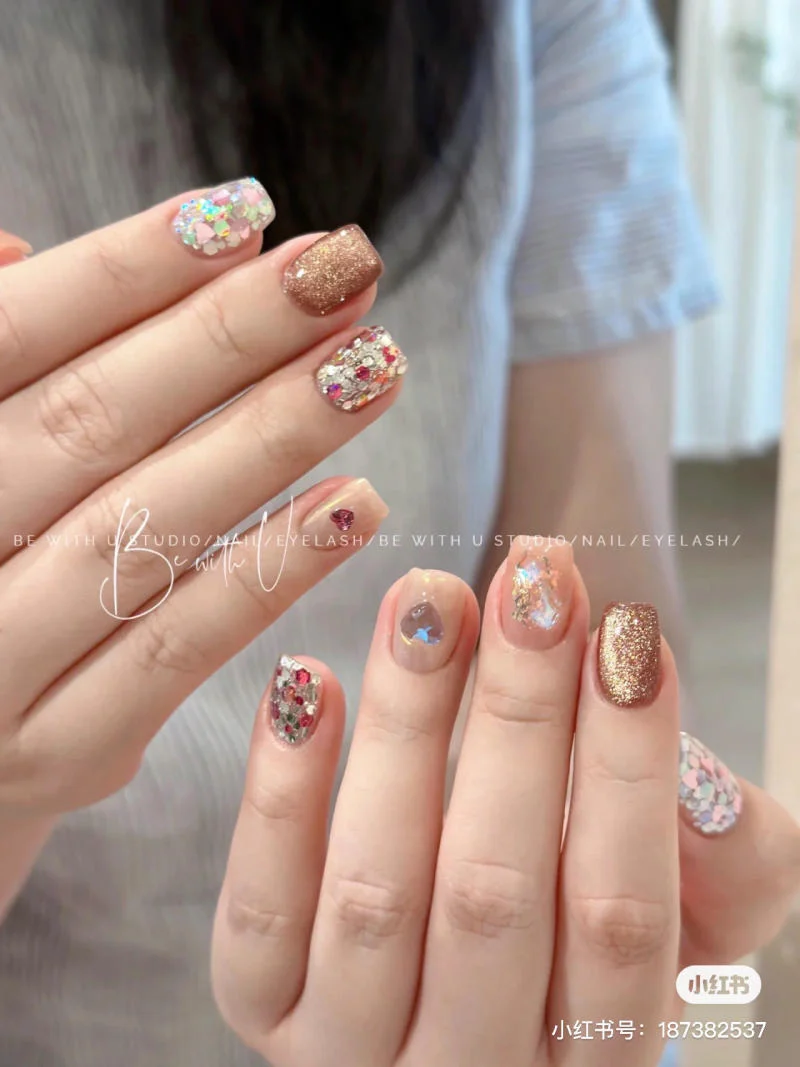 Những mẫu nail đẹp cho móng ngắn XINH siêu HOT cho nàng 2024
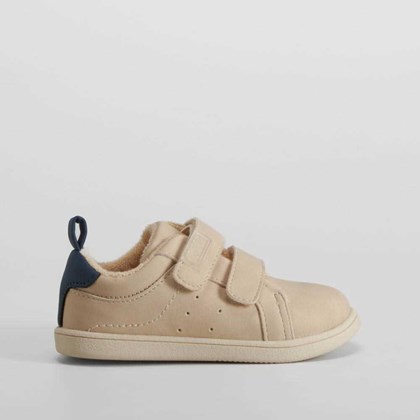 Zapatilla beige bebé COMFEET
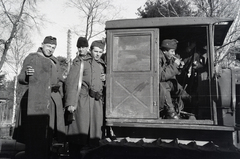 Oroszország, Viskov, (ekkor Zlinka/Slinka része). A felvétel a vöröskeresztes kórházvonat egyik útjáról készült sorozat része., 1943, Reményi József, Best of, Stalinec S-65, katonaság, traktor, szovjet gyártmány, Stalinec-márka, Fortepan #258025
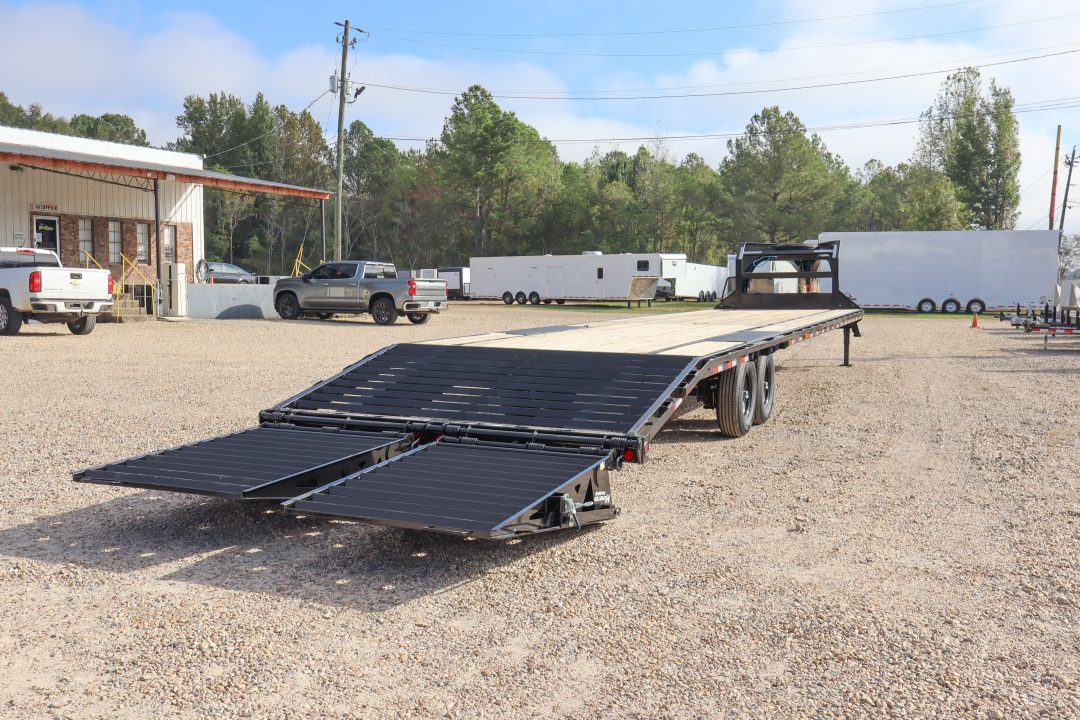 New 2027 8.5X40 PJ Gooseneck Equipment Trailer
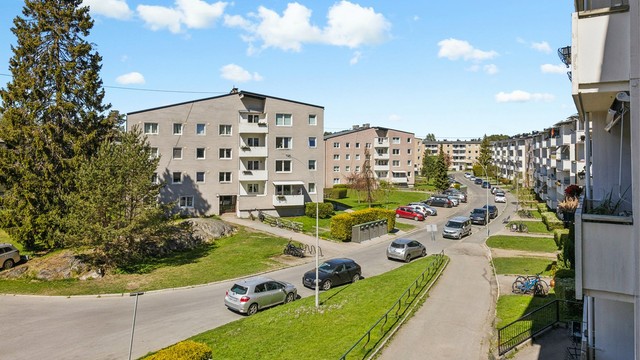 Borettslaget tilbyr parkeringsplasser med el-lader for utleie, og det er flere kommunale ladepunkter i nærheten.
------------------------------------------------------------
* _Exercise_
Write out every line of the listing exactly as written, and leave the pictures out.

* _Output for this exercise_
 Những mẫu nail đẹp cho móng ngắn XINH siêu HOT cho nàng 2024
 Zapatilla beige bebé COMFEET
 Oroszország, Viskov, (ekkor Zlinka/Slinka része). A felvétel a vöröskeresztes kórházvonat egyik útjáról készült sorozat része., 1943, Reményi József, Best of, Stalinec S-65, katonaság, traktor, szovjet gyártmány, Stalinec-márka, Fortepan #258025
 New 2027 8.5X40 PJ Gooseneck Equipment Trailer
 Borettslaget tilbyr parkeringsplasser med el-lader for utleie, og det er flere kommunale ladepunkter i nærheten.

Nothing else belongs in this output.